Above: Infrastructure Australia included this graphic in their 2019 national Infrastructure Audit report.

 

A significant movement is underway with advocacy for better funded bicycle infrastructure coming not only from Foundations and organisations like We Ride Australia, but also from some of the more innovative and forward thinking motoring organisations like RACV. Our submission to Infrastructure Australia for its 2021 Infrastructure Priority list was supported by our affiliates Bicycle NSW, Bike SA, Mountainbike Australia, Pedal Power ACT and WestCycle. It was prepared in response to Infrastructure Australia’s national 2019 Infrastructure Audit.

The submission responded to many of the opportunities and challenges presented in the 2019 Infrastructure Audit and we made five key recommendations. That:

  1. transport benefit and cost analysis frameworks be utilised that reflect the true cost of transport projects, including costs of motor vehicles and wider benefits of active transport investment
  2. a robust application of positive provision for active transport in all federally funded transport projects be adopted
  3. quality design guidance for construction of bike infrastructure and implementation of Vision Zero approaches to built infrastructure be established
  4. better bicycle and walking crash data be collected, and
  5. transport disadvantage be addressed by weighted funding criteria for infrastructure projects.

The submission, which you can download here [725KB PDF] also responds and comments on twenty-one of the key opportunities and challenges contained in the Audit.

Motoring organisations are evolving

The Royal Automobile Club of Victoria (RACV) has submitted a strong call for a funded Melbourne bikeway network as part of their submission to the national Infrastructure Australia Priority List.

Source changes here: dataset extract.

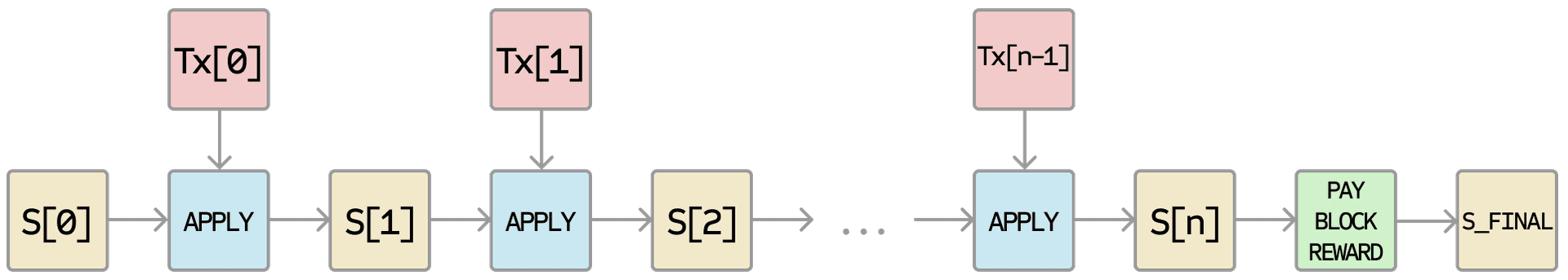 Ethereum diagram blok gunaan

We commend the RACV, who have invested to send a senior executive to research active transport in three comparable North American transport markets with We Ride Australia’s recent Transport Study Tour to Vancouver, Portland and San Francisco.

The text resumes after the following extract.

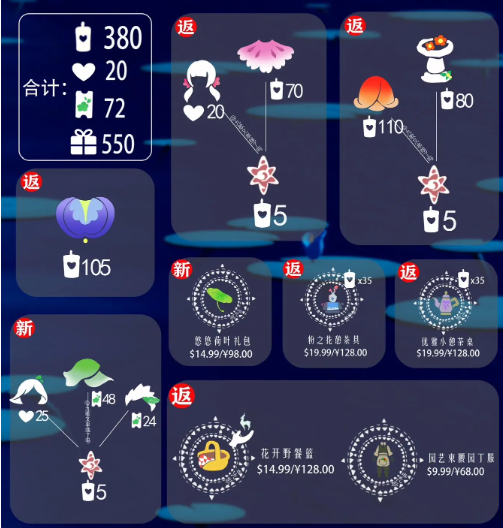 光遇花憩节2024活动时间什么时候开始-光遇花憩节2024活动时间内容一览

The RACV has researched and developed an objective case for investment in 17 inner city cycle routes as part of their five-part ‘congestion-busting’ key transport priorities for Melbourne*.

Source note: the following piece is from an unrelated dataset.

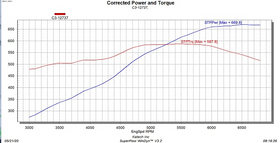 KATECH KAT-7523 KATECH LS7 K502 CAMSHAFT - 0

The organisation has called for the funding saying it “should be an investment priority to provide safe cycling superhighways” in Melbourne.

We understand that the practice of ‘quick wins’ in the US and Canada, where smaller interventions to make cycling safer and more convenient are trialled at low cost before making them permanent, has particularly impressed RACV (as they did us!).

See further RACV information here.

* we note and support Bicycle Network’s budget submission to the new Andrews Government in late 2018 also calling for investment in key infrastructure and programs.